[Linux] Regular expressions

Nick Seidenman nicks@argate.net
Thu, 12 Oct 2000 21:53:52 -0400 (EDT)


On Thu, 12 Oct 2000, Nick Simicich wrote:

> At 06:58 AM 10/12/2000 -0400, Nick Seidenman wrote:
> >On Thu, 12 Oct 2000, Tim Jones wrote:
> >
> >> Regular expressions are also useful in Python 
> >> (see the 're', 'regex', 'regsub' modules), 
> >
> >Since Tim brought it up, the re module supports both perl and emacs
> >regular expression semantics.
> 
> Huh?  I thought that re module was perl, the regex module was emacs.  Heck,
> you just mentioned this to me.

Quite right.  I mispoke.  You use regex (which is only kept for backward
compatibility) for emacs-style regular expression semantics and re for
newer/better (perl-style and then some) expressions.

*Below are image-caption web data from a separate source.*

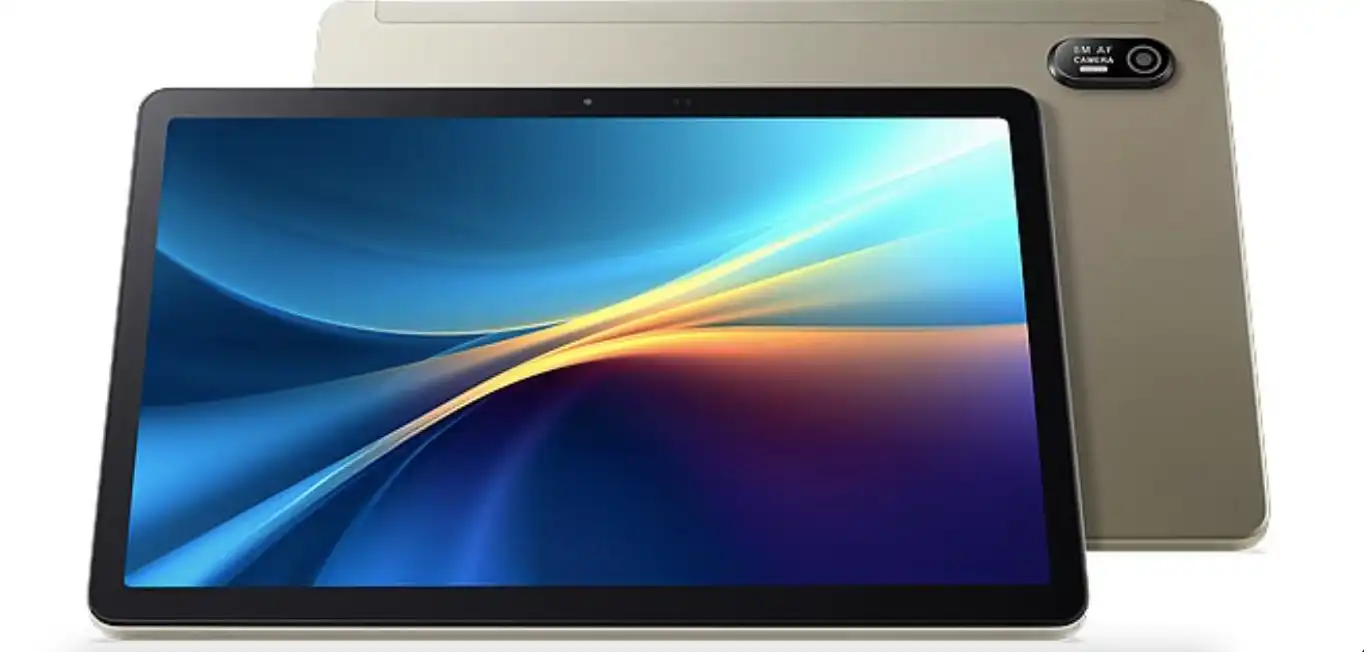 Terungkap! Rahasia Tablet Acer Iconia V11: Murah, Baterai Raksasa 8000 mAh, dan Bisa Dipakai Telepon di Mana Saja!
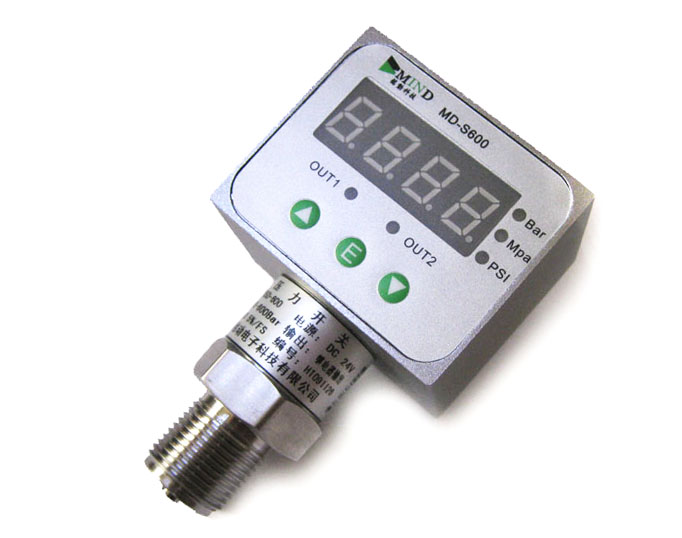 㑄���� MD-S600�����_�P(gu��n)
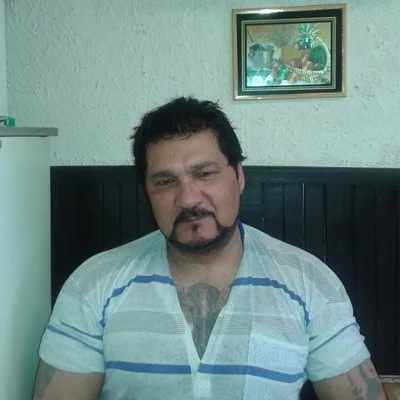 Tibor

> Is r"\x" new syntax as well?  I see that the regex doc goes around the
> world telling you when a backslash escapes something and when it doesn't so
> you know when you have to double and when not, while the re doc just tells
> you to use r"\x".

Those are raw strings, denoted by an 'r' prefixing a quoted string.  It's
sort of like 'L' appended to a numeric (integer) literal to denote a
python long integer.  It is not peculiar to the re module; it's another
form of python string literal and thus can be used anywhere.  I believe
these showed up right around the same time as the re module, so it's
probably two or three years old now.